Как и условились, Баст ждал провожатых в хижине немого старика до заката. От холода, изо рта при дыхании выходил пар. А вокруг — пронзительная тишина, какая бывает только в горах. Тишина, холод, снег на склонах высоких гор и наливающееся глубокой синью близкое небо…

Вполне "насладившись" горным пейзажем, красоты невероятной, Шаунбург ушел в лачугу, помог старику развести огонь в очаге, а остаток дня провел перебирая в памяти счастливые минуты прошлого, и рассматривая язычки пламени, играющего с коротенькими кривыми полешками. Как ни странно, Шаунбург редко вспоминал свое настоящее прошлое, то есть, жизнь доктора медицины Олега Ицковича. И более того, чем дальше от момента "перехода", тем менее эмоционально значимыми становились посещавшие его порой воспоминания. Словно бы действовал неизвестного происхождения "наркоз", не позволявший болеть душевным ранам.

"Или транквилизатор… Возможно".

Но, так или иначе, то, что могло бы стать постоянной, — никак и ничем не исцеляемой, — душевной мукой, ничем таким не стало. События остались, а эмоции притупились, выдохлись, превратив живые воспоминания в перечни сухих фактов, не тревожащих душу, не касающихся сердца. И, судя по некоторым признакам, такое происходило не только Шаунбургом. У всех остальных тоже что-то похожее, "мимолетное" в разговорах сквозило. Однако прямо на эту тему никто не заговаривал, и это, если разобраться, тоже интересный симптом.

Нынешняя жизнь воспринималась и ощущалась именно как жизнь со всеми своими красками, соками, вкусом и животной силой. Потому, быть может, и чувства казались здесь более сильными и яркими, и воспоминания — способными свести с ума.

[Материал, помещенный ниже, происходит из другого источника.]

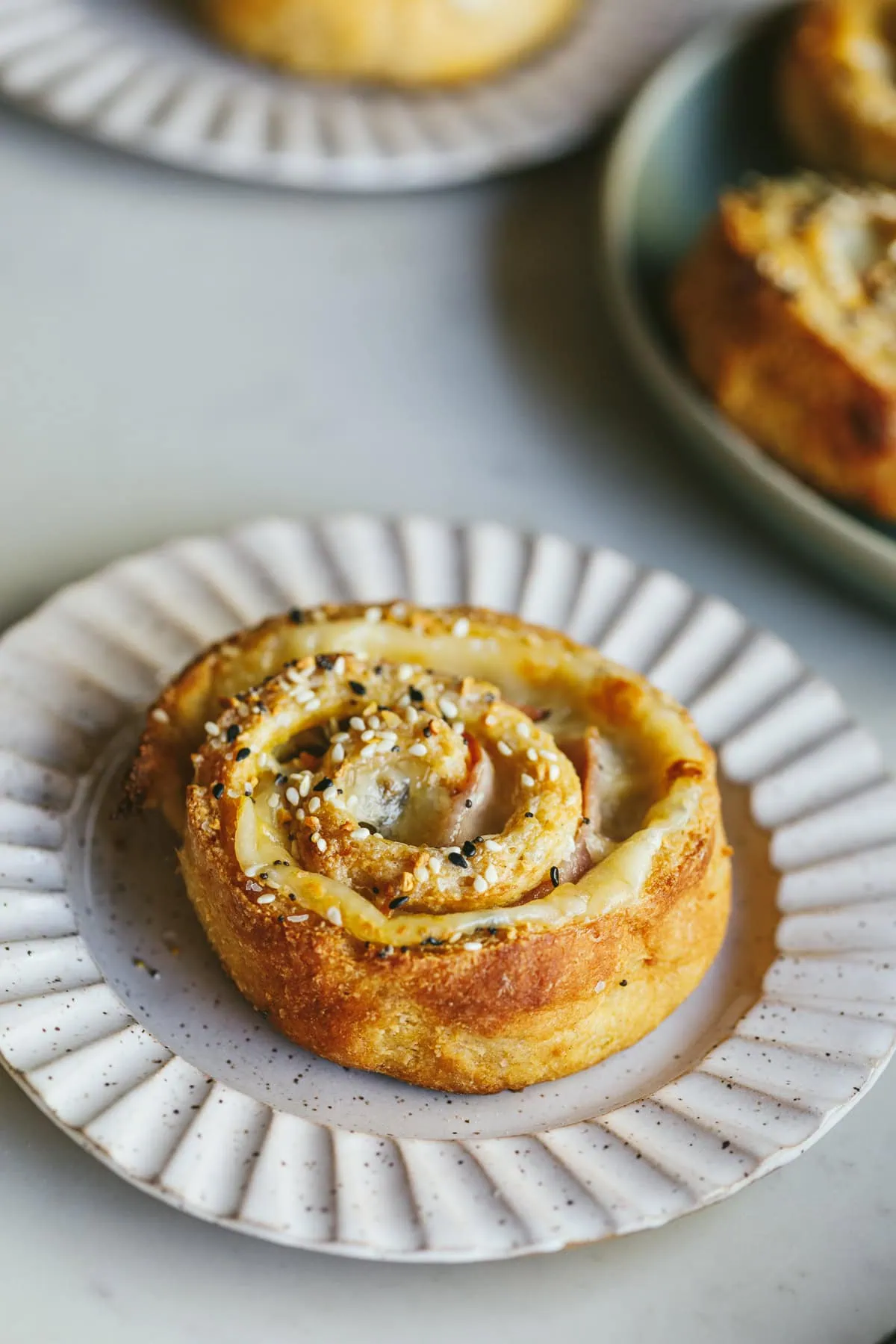 A keto pinwheel on a scalloped serving plate.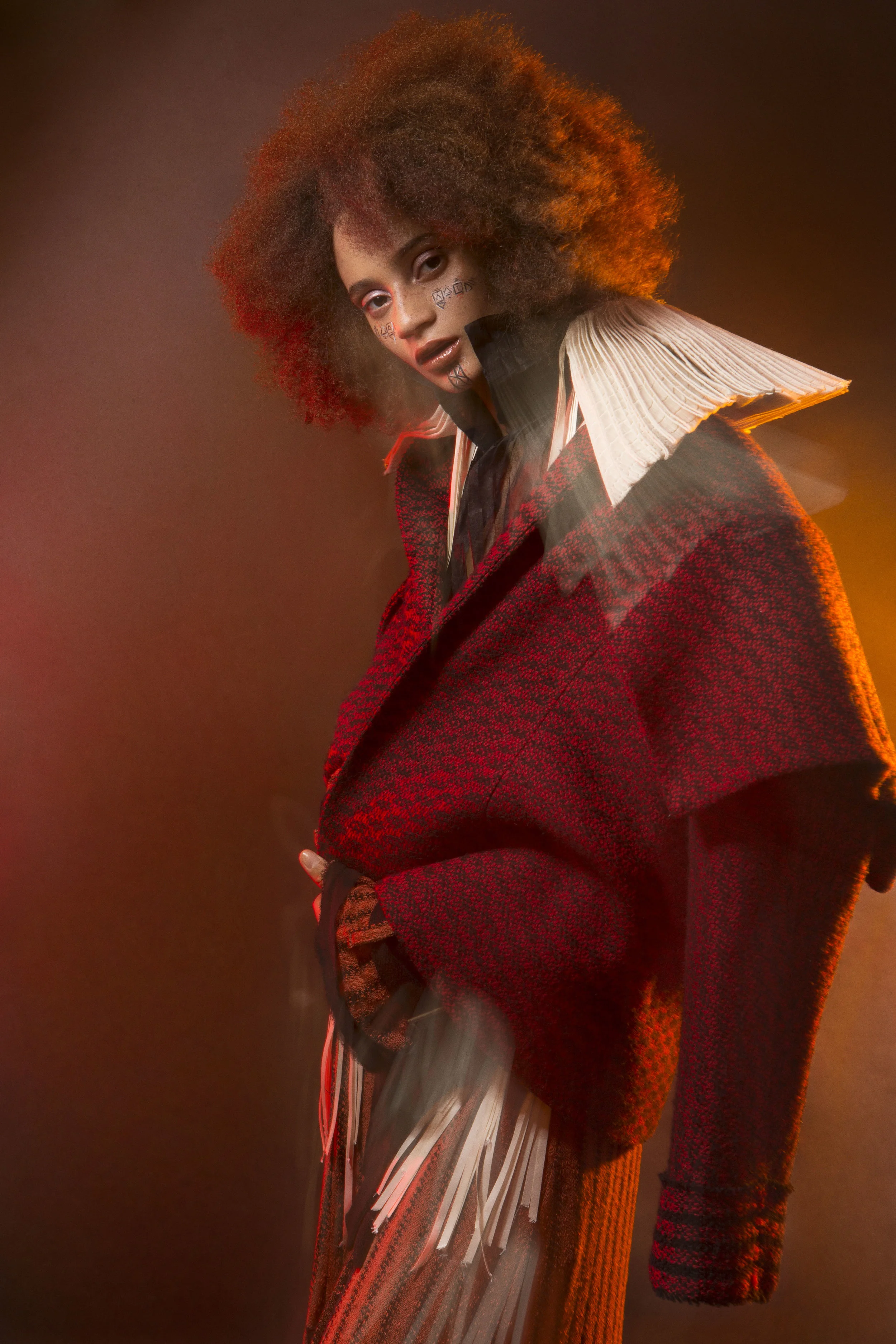 Black Jacket: JAYNE PIERSON, Red Jacket: CIMONE, Long Jacket: MARIANA JUNGMANN, Collar Piece: MICHELLE LOWE HOLDER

День прошел, как не было. Стемнело. И тогда они наконец появились, — три высокие тёмные фигуры с винтовками за плечами и гномьими капюшонами на головах.

— Зовите меня Ягито. — На сносном французском сказал один из вошедших. — У остальных нет имён… никаких.

И они вышли в ночь.

* * *

Когда четыре дня назад полковник Фернандес предложил Басту помощь, Шаунбург не медлил ни минуты. То есть, — нет, не так. Он помедлил ровно столько, сколько понадобилось, чтобы трезво оценить предложение — всего несколько минут — и принял решение — рискнуть.

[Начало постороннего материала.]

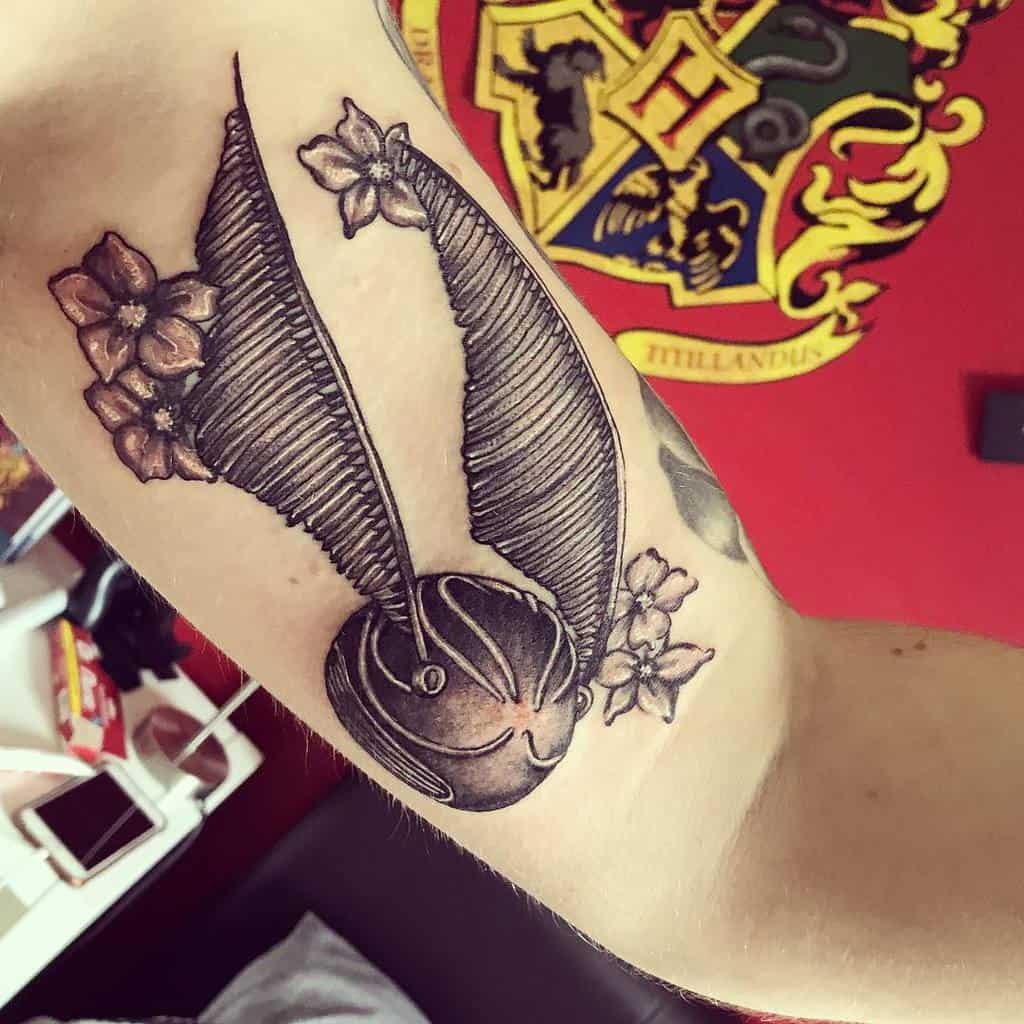 Tattoo of the Golden Snitch on an arm with flowers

"Кто не рискует, тот не пьет шампанское, не так ли герр риттер?"

Но, решившись, Шаунбург действительно уже не медлил.

За четыре дня он вполне подготовил сцену "исчезновения", решив все неотложные дела по службе, заготовив впрок статью, которая уйдет с почты через три дня после его отъезда, и обосновал в глазах немногочисленных заинтересованных лиц свою "тяжелую болезнь" демонстрацией недвусмысленных симптомов. Но не только. Между делом — то есть где-то между легальных и нелегальных дел штурмбанфюрера Шаунбурга — ему удалось послать три телеграммы в Париж и Брюссель и сделать один важный звонок по телефону жене в их имение VogelhЭgel. Вильда и еще один из адресатов ответили короткими телеграммами, пришедшими почти одновременно, как раз накануне отъезда, и теперь Басту оставалось лишь надеяться, что он все сделал правильно.

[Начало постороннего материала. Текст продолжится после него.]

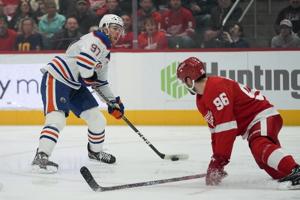 Nurse scores in OT and Oilers top Red Wings 3-2 to tie franchise record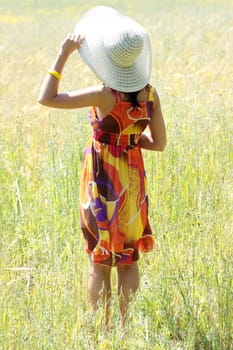 Young happy woman in green grain field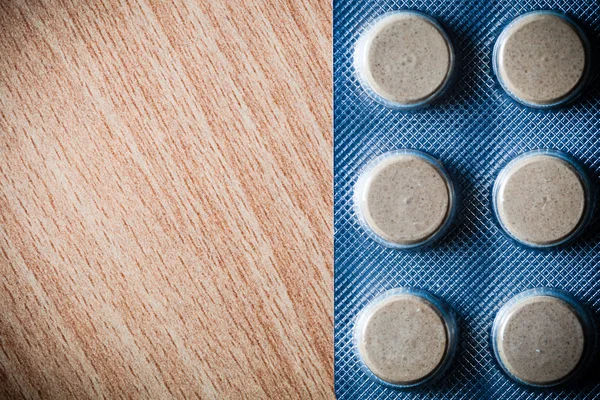 Medyczne tabletki tabletki na stole — Zdjęcie stockowe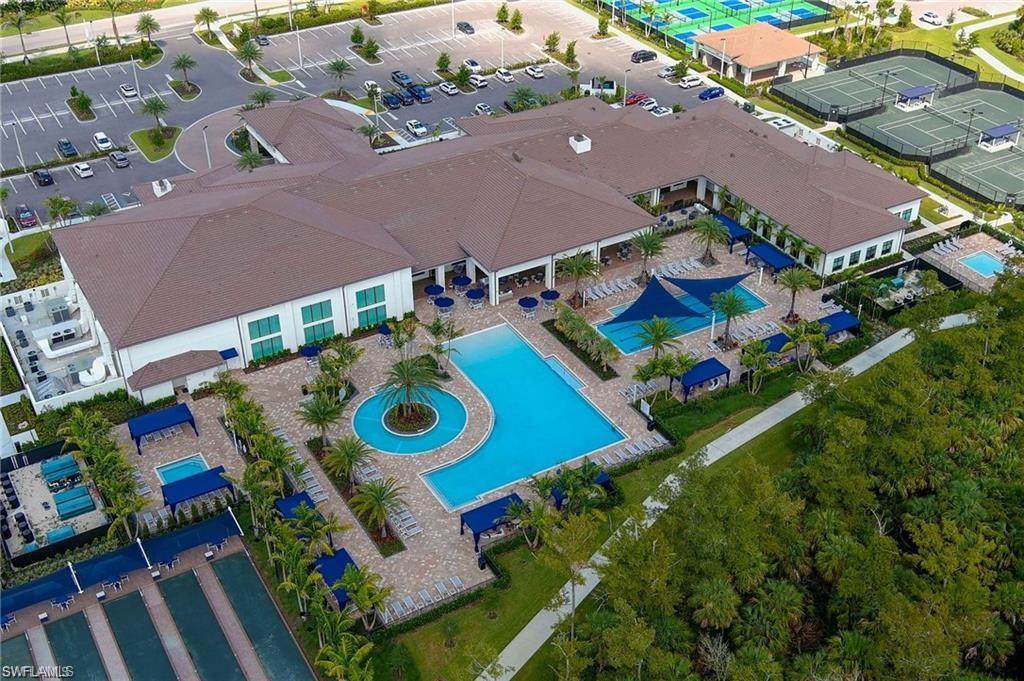 11488 Coronado Way Naples, FL 34120 - Photo 49 of 50 an aerial view of a house an outdoor space and sitting area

Между тем, сегодня с утра включился "счетчик" полковника Фернандеса и время пошло. И значит, выражаясь словами покойного лидера русской революции, промедление теперь смерти подобно. Впрочем, контрабандисты свое дело знали туго. За ночь на лошадях, следуя головокружительными козьими тропами при неверном лунном свете, добрались от Лос-Вильярес до Поэрто Альто, но, разумеется, в городок не вошли, а миновали его по склону горы и уже в рассветных лучах солнца различили вдалеке сложенные из битого камня дома Ла Серрадуры. Здесь они оставили одного из "братьев" — сторожить в узком ущелье лошадей, а сами пешком отправились вниз, к едва различимому из-за расстояния шоссе Сьерра Невада.

2. Раймон Поль, Париж, Французская республика 12 января 1937 года, вечер

А еще, как оказалось, ему нравилось делать сюрпризы. Не вообще сюрпризы, не любые, не всегда и не всем, если вы понимаете, о чем, собственно, идет речь. Но — всегда…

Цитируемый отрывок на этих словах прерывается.